**Records provided:**

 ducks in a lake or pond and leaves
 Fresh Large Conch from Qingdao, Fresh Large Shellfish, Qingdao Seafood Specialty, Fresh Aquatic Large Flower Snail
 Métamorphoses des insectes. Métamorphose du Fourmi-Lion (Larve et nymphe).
==
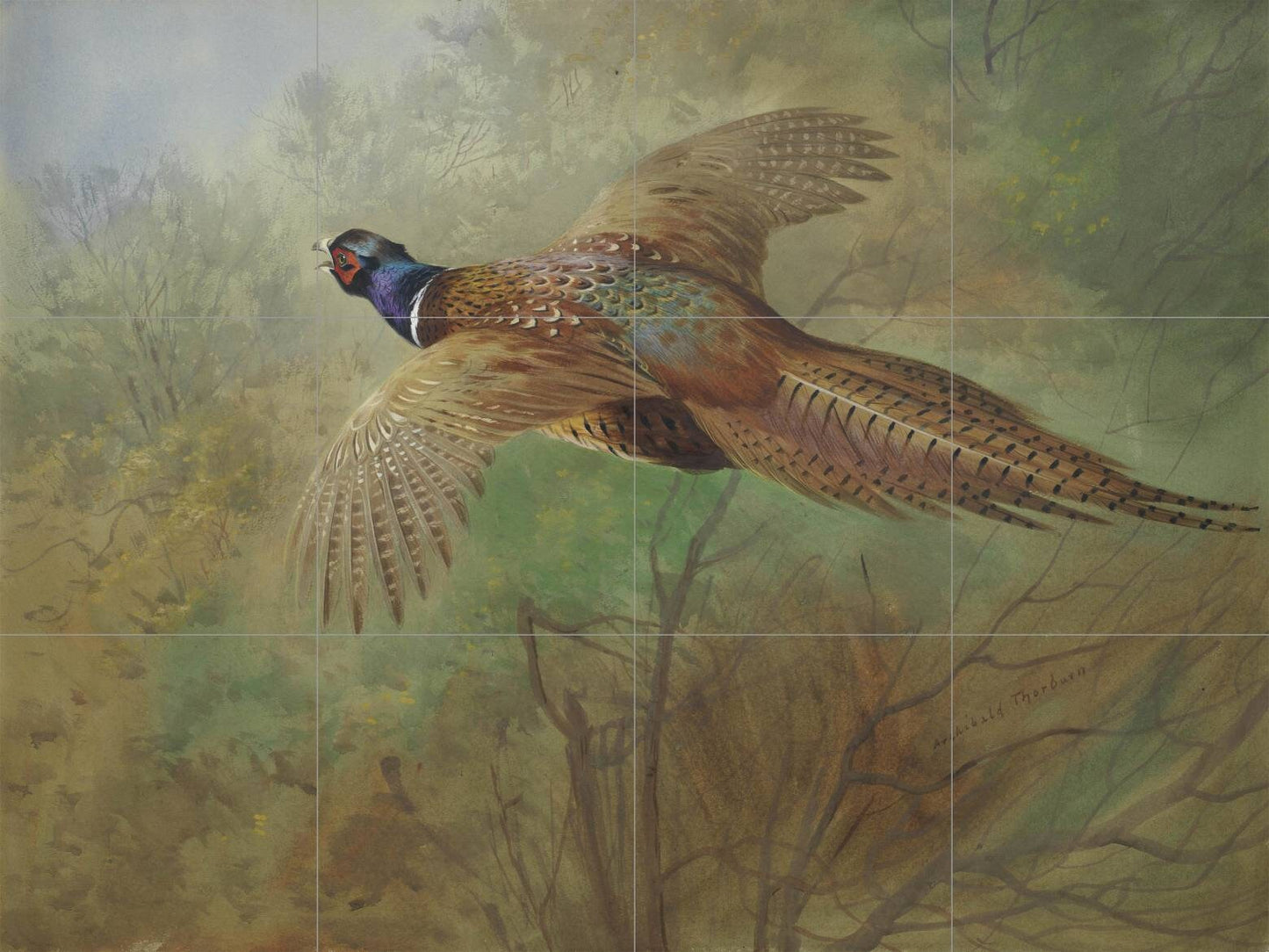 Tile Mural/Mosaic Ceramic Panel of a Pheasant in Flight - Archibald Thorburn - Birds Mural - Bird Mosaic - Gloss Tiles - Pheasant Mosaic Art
...
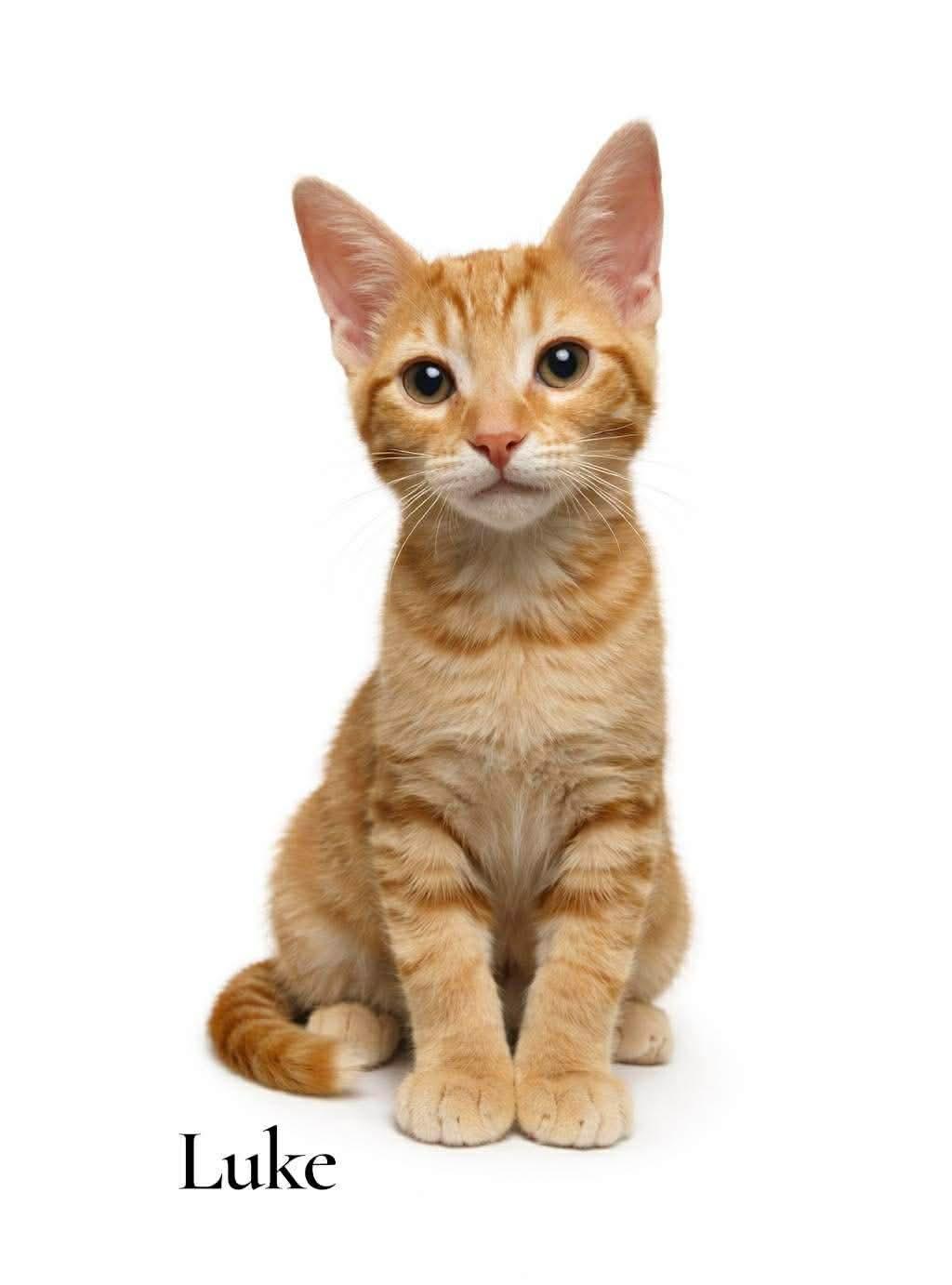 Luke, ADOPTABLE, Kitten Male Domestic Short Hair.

**What to produce:** Begin with the line that has "ducks in a lake or pond and leaves" in the listing above and end after the line that has "Métamorphoses des insectes."; output those lines exactly.

**Exercise output:**
 ducks in a lake or pond and leaves
 Fresh Large Conch from Qingdao, Fresh Large Shellfish, Qingdao Seafood Specialty, Fresh Aquatic Large Flower Snail
 Métamorphoses des insectes. Métamorphose du Fourmi-Lion (Larve et nymphe).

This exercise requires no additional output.